Source information Block Start

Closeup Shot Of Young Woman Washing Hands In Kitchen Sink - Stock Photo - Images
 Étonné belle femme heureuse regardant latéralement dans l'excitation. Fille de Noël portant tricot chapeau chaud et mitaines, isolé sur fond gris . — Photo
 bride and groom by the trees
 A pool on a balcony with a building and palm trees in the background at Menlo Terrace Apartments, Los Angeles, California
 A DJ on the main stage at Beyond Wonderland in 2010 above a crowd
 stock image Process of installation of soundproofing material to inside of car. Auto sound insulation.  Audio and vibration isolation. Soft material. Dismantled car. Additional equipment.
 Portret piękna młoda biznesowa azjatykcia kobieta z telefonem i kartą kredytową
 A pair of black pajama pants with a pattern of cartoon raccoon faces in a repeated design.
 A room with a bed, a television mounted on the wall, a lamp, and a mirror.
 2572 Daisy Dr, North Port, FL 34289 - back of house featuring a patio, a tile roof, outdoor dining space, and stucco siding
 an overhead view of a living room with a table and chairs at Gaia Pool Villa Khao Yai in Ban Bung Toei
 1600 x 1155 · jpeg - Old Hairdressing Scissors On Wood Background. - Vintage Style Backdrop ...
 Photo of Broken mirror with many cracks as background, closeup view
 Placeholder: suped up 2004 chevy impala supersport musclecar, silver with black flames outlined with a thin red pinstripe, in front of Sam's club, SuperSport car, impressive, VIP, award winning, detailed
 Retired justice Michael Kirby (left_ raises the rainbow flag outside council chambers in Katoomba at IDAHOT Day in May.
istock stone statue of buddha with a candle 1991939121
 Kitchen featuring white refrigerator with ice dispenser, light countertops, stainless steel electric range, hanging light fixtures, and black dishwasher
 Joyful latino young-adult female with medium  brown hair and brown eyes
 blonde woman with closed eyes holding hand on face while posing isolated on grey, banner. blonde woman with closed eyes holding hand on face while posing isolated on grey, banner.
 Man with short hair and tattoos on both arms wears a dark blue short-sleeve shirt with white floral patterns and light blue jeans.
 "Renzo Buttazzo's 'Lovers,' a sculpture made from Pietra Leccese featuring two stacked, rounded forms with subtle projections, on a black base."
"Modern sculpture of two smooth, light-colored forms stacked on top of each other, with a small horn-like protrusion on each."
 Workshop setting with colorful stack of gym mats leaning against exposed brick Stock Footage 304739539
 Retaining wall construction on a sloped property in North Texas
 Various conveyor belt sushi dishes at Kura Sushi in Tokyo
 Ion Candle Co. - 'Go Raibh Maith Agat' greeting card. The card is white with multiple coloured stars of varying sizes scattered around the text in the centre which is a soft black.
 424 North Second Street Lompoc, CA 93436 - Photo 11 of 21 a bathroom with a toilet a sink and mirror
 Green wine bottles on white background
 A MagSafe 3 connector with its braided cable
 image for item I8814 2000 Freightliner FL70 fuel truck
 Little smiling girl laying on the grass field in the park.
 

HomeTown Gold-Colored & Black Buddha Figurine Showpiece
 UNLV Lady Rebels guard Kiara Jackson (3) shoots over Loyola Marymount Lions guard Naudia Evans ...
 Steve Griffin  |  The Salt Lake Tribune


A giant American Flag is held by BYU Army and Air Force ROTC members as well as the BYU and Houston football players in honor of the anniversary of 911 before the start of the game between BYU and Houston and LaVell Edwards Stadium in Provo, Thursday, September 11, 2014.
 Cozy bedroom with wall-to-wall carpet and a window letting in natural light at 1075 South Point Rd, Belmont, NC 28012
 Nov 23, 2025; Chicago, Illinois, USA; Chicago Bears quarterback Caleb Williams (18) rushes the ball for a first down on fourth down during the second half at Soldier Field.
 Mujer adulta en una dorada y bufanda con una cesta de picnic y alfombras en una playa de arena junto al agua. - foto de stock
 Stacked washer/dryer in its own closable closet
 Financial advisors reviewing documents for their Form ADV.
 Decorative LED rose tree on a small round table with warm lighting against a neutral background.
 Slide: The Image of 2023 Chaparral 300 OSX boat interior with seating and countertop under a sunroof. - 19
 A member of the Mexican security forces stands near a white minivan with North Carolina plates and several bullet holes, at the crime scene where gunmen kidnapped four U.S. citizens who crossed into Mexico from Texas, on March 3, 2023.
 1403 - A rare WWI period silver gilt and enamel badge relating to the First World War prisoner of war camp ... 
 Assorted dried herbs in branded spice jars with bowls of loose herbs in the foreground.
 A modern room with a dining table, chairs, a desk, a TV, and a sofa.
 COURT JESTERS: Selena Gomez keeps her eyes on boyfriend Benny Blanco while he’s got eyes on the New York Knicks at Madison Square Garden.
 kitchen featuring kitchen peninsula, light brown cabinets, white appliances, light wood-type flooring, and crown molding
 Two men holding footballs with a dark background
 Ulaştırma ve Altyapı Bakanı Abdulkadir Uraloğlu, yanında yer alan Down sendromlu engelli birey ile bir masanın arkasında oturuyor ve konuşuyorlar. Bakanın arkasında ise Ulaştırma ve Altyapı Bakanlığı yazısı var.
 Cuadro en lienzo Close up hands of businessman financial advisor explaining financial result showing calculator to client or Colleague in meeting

Source information Block End

● **Requirement**
Set down, exactly as they appear above, all lines from the one that has "Joyful latino young-adult" down to the one that has "grey, banner. blonde", including those two and no others.

● **Completed task**
 Joyful latino young-adult female with medium  brown hair and brown eyes
 blonde woman with closed eyes holding hand on face while posing isolated on grey, banner. blonde woman with closed eyes holding hand on face while posing isolated on grey, banner.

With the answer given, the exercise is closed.